Subversão das normas comunitárias

         A Comissão Europeia questionou Portugal a propósito da aplicação do n.º 2 do artigo 88.º e das autorizações de residência CPLP, tendo chegado a iniciar, em setembro de 2023, um procedimento de infração contra Portugal, pois a regra comunitária é a de que a entrada no mercado de trabalho seja uma entrada legal, com visto de trabalho.

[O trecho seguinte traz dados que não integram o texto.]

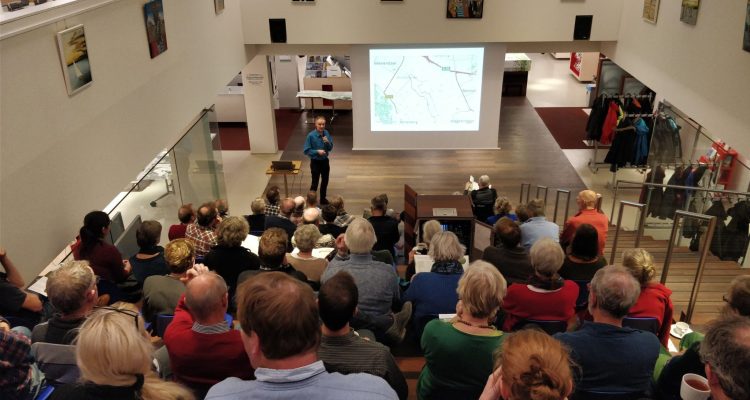 Bijeenkomst op 21 november 2017 in Bblthk Wageningen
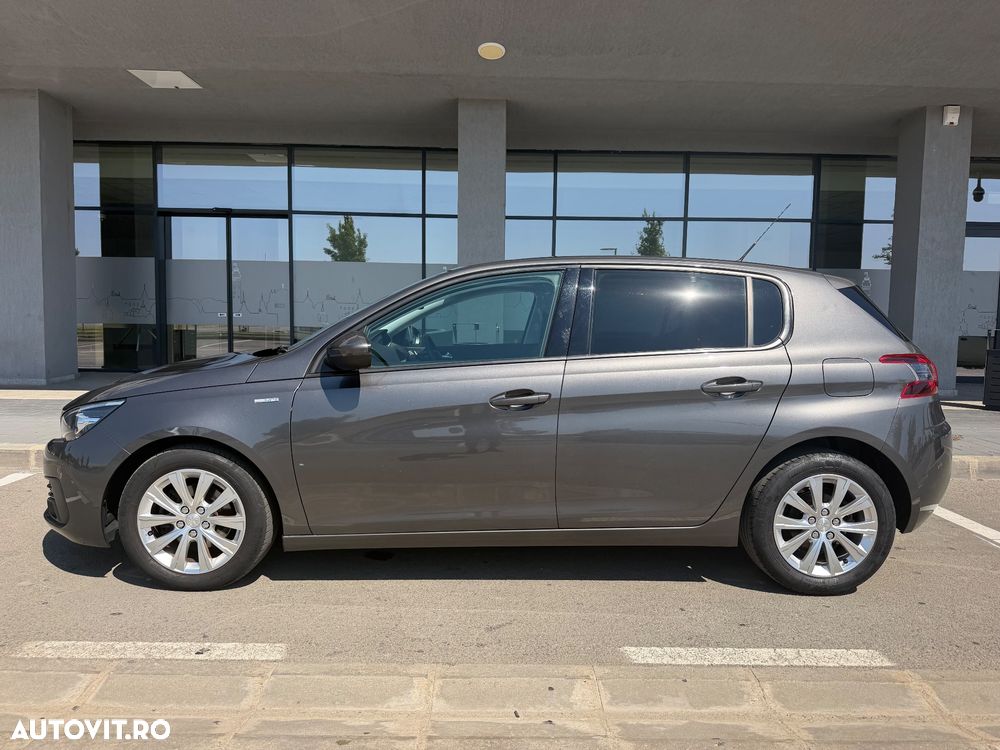 Peugeot 308 PureTech 130 Stop & Start Style - 36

         Havia notoriamente uma subversão das normas comunitárias rígidas nesta matéria.   A manifestação de interesse adotada em Portugal, correspondendo embora a uma necessidade conjuntural, constituía uma forma indireta de contornar a proibição de entrada ilegal de imigrantes, interdita face às normas comunitárias.  Ora, não se pode ter sol na eira e chuva no nabal, pretender receber os fundos comunitários e não cumprir as obrigações comunitárias.

O fim da manifestação de interesse

Uma lei não é boa ou má por provir de um governo de direita ou um governo de esquerda. É boa ou má se corresponde ou não às necessidades do país e dos portugueses. A manifestação de interesses correspondeu, na altura em que foi instituída, às necessidades.

      Porém, é notório que se chegou a um excesso de imigrantes, percebido pela esmagadora maioria dos portugueses. Aliás, as estatísticas oficiais não refletem a realidade. Quem anda de metro, em Lisboa, dá-se facilmente conta.       Por essa razão, o fim da manifestação de interesses tornou-se uma necessidade. Bem esteve, assim, o Governo da AD em proceder à revogação da autorização de residência com fundamento na manifestação de interesse (Decreto-Lei n.º 37-A/2024, de 3 de junho). Bem também esteve Pedro Nuno Santos nas afirmações que, corajosamente, proferiu e que, longe de constituírem uma cambalhota, se traduziram num passo em frente.